I didn’t receive any response to my email, but apparently it got their attention. How do I know? Because today the Google AdSense text ads disappeared from the top of 4Comedy.com’s site. Hallelujah!
But I’m getting ahead of myself. While I was waiting to hear from Google, I did some research on how to deal with RSS feed scraping content thieves. And I found some great resources, including:
1. AntiLeech, a plugin that “helps prevent content theft by sploggers” and a detailed article explaining the benefits of AntiLeech Splog Stopper: Fighting Back Against Content Thieves;
3. A tutorial, Blocking bad bots and site rippers (aka offline browsers);
4. An article entitled How you can stop dirty feedscrapers in 3 easy steps; and
5. This article about Attacking scrapers and content thieves legally.
I found the material posted at all of those links very informative, and I’m planning to give that AntiLeech plugin a try. But I was feeling a bit lazy and I was looking for some instant gratification. And, happily, I found it: A commenter named Robert posted the following suggestion here:
Alternatively, to curl up even less unproductive work, add this line to .htaccess:
Deny from 74.52.58.162
Which would even allow you to block a whole range of IP addresses in case it proves necessary…
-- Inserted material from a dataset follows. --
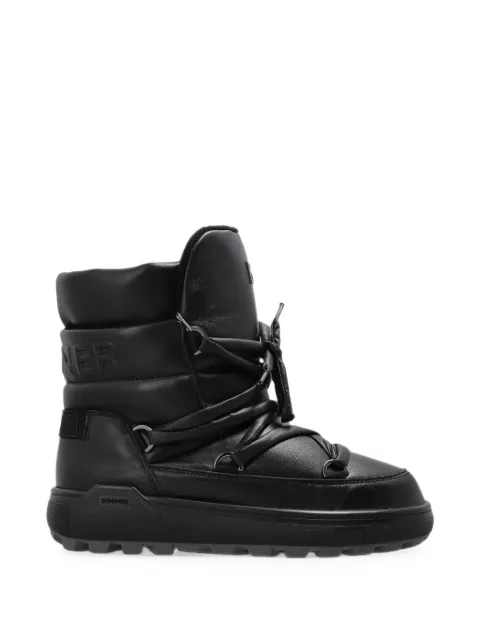 BOGNER Chamonix leather snow boots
Armed with this simple-sounding solution, I decided to try it. My first step was to identify 4Comedy.com’s IP. So I checked its trackback data, which identified its IP as 74.53.110.146. I then confirmed the IP number by pinging 4comedy.com, using my computer’s Run function: ping 4comedy.com. Next I checked my logs and verified that 4comedy.com’s IP was routinely showing up there.
Now that I had the infringer’s IP, I added this code to my .htaccess file:
Deny from 74.53.110.146
Finally, I FTPed the revised .htaccess file and, like magic, 4Comedy.com’s content thievery came to a halt: MadKane.com has been freed from the slings and arrows of 4Comedy.com’s feed scraping infringements.
Of course, that low-life feed scraper is still taking material from other sites like Comedy Central. Hey Comedy Central! Try this. You’ll like it.
UPDATE WITH ADDITIONAL RESOURCES: As I learn about additional good resources on this topic, I’ll be adding them here. Feel free to make suggestions via a comment to this post.
a: What To Do When Someone Steals Your Content is a must read.
b: Dnsstuff.com is a source of many fine tools, including a “DNS Lookup” tool — helpful in ascertaining IP addresses.
c. Plagiarism Today is an excellent source of information about plagiarism, content theft, and copyright issues online.
UPDATE 2: 4Comedy.com seems to have disappeared. I can only hope it stays that way.
UPDATE 3: 4Comedy.com is now resolving to a different domain — domainnamesbusiness.info/4comedy/index.php. But the IP is the same, so my blog should still be protected from its feed scraping.